• **What is being asked**: Give an exact transcription limited to the lines from the one with "If you have" through the end of the entries, including both; no pictures belong in it.

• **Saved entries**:

━━━━

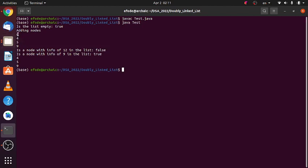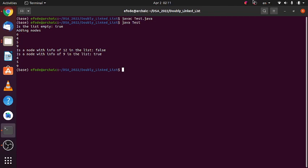Our list was: six, four, five, nine — with six as the head. After deleting the head, which is six, our list becomes four, five, nine. Our implementation is correct. Thank you for your time and see you in the next video, which covers deleting a node from the tail of our list.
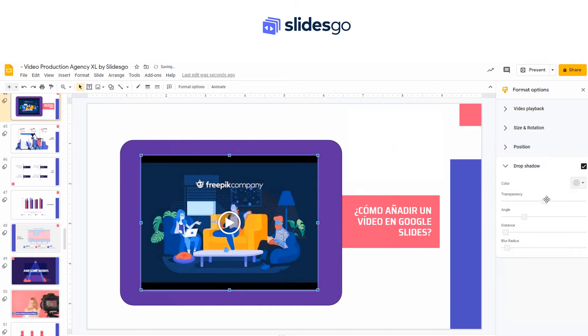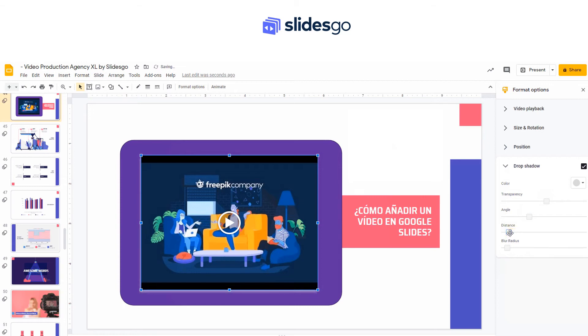This Drop Shadow also has some settings that can be modified, such as Color, Transparency, Angle, Distance, and Blur Radius.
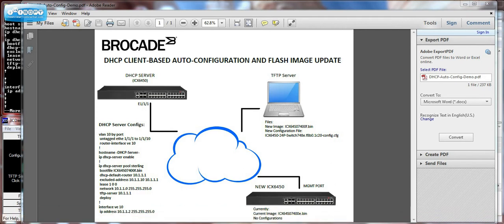This demo is on Brocade's DHCP client-based auto-configuration and flash image update. This feature gives you the ability to automatically upgrade and provision a brand new switch.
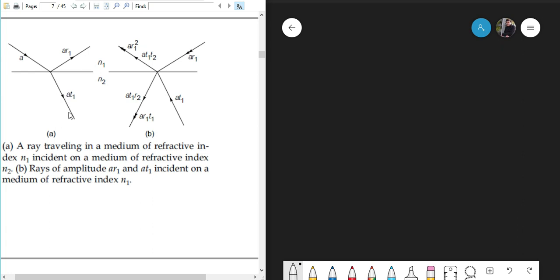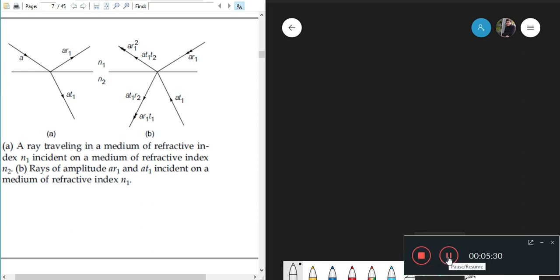Now what Stokes principle says is: as the light comes from the medium on top and gets divided into reflected and refracted parts, if these parts are made to reverse their paths, then the whole amount of light would reverse its path exactly and give back the original incident light — but only if there is no absorption in the medium while traveling, and no absorption at the interface. Only then is the complete reversal of light possible.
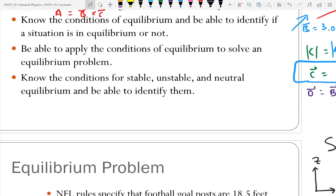Know the conditions for stable, unstable, and neutral equilibrium. Stable equilibrium: if you move something away from equilibrium, it returns — like a marble in a bowl that oscillates back to the bottom. Neutral equilibrium: if you move the marble on a flat table to a new position and let go, it stays in the new position. Unstable equilibrium: like a marble on top of a dome — if it's at the very center it balances, but if moved off to the side it rolls away and won't return.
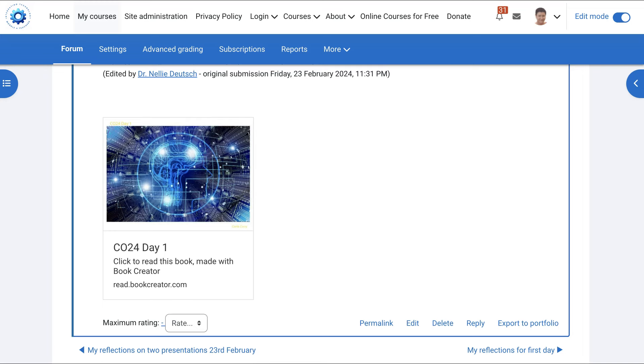If you have any questions about embedding Book Creator, please share your questions in the comment box below. And have a great day.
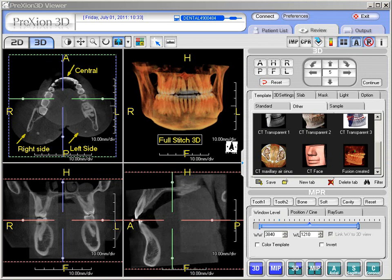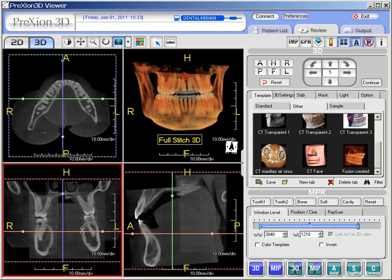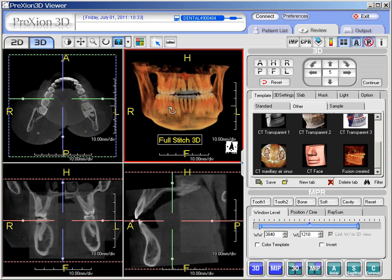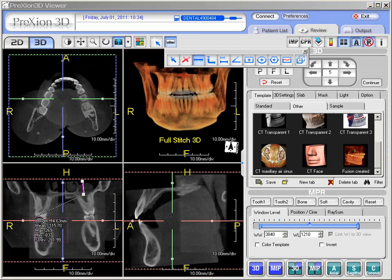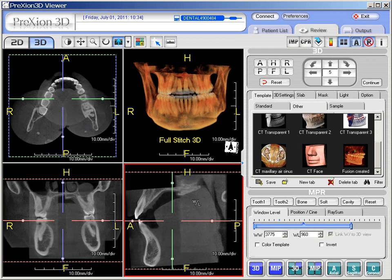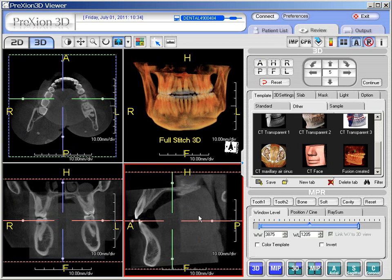This new data set of the stitched three data sets is fully functional for the slicing ability, rotation of 3D, if one wants to access measurements, or adjust window level settings. It is all fully functional within this new data set that's fully DICOM compatible and can be exported to third-party software.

━━━━

• **Answer space**:
If you have any questions about embedding Book Creator, please share your questions in the comment box below. And have a great day.
This new data set of the stitched three data sets is fully functional for the slicing ability, rotation of 3D, if one wants to access measurements, or adjust window level settings. It is all fully functional within this new data set that's fully DICOM compatible and can be exported to third-party software.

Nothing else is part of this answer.